1- Berhutang hanya di saat benar-benar membutuhkan, bukan untuk bersenang-senang atau bermewah-mewah.

2- Niat baik untuk mengembalikan bukan niat untuk mengemplangnya, berdasarkan hadits Abu Hurairah dari Nabi bahwa beliau bersabda, “Barangsiapa mengambil harta orang lain dan berniat mengembalikannya maka Allah akan menunaikannya untuknya, barangsiapa mengambilnya dengan niat menghabiskannya maka Allah akan menghabiskannya.” Diriwayatkan oleh al-Bukhari.

3- Bersegera melunasinya manakala kemampuan sudah ada tanpa mengulur-ulur, berdasarkan hadits Nabi, “Penundaan orang yang mampu adalah kezhaliman.” Diriwayatkan oleh al-Bukhari dan Muslim.

4- Berhati-hati dan tidak meremehkannya, karena Rasulullah menolak menshalatkan mayit yang memikul hutang, sebagaimana yang diriwayatkan oleh al-Bukhari dan Muslim dari Jabir, karena hutang adalah hak sesama yang bila tidak selesai di dunia maka akan diperkarakan di akhirat.

Bila tidak mampu walaupun sudah berusaha, maka hendaknya membicarakannya dengan pemilik uang, bila pemilik tidak merelakan dan tetap menuntut maka itu adalah haknya, siapkan kebaikan yang banyak untuk menghadapi tuntutannya di akhirat bila Anda tak kuasa membayar hutang di dunia.

Adab Pemberi Hutang

Dianjurkan untuk memberikan kelonggaran kepada penghutang yang dalam kesulitan, lebih baik lagi membebaskannya dan hal itu adalah sedekah, namun hal ini tidak wajib karena hutang tersebut adalah haknya.

Allah berfirman,

[وَإِنْ كَانَ ذُو عُسْرَةٍ فَنَظِرَةٌ إِلَى مَيْسَرَةٍ وَأَنْ تَصَدَّقُوا خَيْرٌ لَكُمْ إِنْ كُنْتُمْ تَعْلَمُونَ [البقرة/280

Dan bila orang yang berhutang dalam kesulitan maka tunggulah sampai dia lapang dan bila kamu mensedekahkannya maka hal itu lebih baik bila kamu mengetahui.” Al-Baqarah: 280.
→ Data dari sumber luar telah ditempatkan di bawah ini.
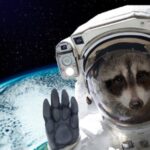 raccoon in space wearing a spacesuit floating above earth.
 Dari Abu Hurairah bahwa Rasulullah bersabda, “Ada seorang laki-laki tidak beramal baik apa pun, dia memberi hutang kepada orang-orang, dia berkata kepada pegawainya, ‘Ambil apa yang mudah dan biarkan apa yang sulit, semoga Allah memaafkan kita.’ Manakala dia mati, Allah bertanya kepadanya, ‘Adakah kamu melakukan kebaikan sekalipun?’ Dia menjawab, ‘Tidak, hanya saja aku memberi hutang kepada orang-orang dan aku berkata pegawaiku, ‘Ambil apa yang mudah dan biarkan apa yang sulit, semoga Allah memaafkan kita.’ Maka Allah berfirman, ‘Aku memaafkanmu.” Diriwayatkan oleh an-Nasa`i.

Penalti

Hutang belum jatuh tempo, pemiliknya menagih karena membutuhkan, maka penghutang berkata, “Tidak bisa, belum jatuh tempo, kecuali bila Anda menggugurkan sebagian darinya.” Bolehkah?

Jumhur ulama berpendapat, dan ini adalah pendapat yang shahih, tidak boleh, sebagaimana memberikan tambahan tempo dengan tambahan pembayaran tidak boleh, demikian juga menuntut pembebasan sebagian hutang sebagai imbalan penyegeraan pembayaran.

Namun bila yang melakukan hal itu adalah pemilik hutang secara suka rela maka dia telah berbuat baik dengan menggugurkan sebagian haknya, sebagaimana bila penghutang membayar lebih baik tanpa persyaratan sebelumnya. Wallahu a’lam.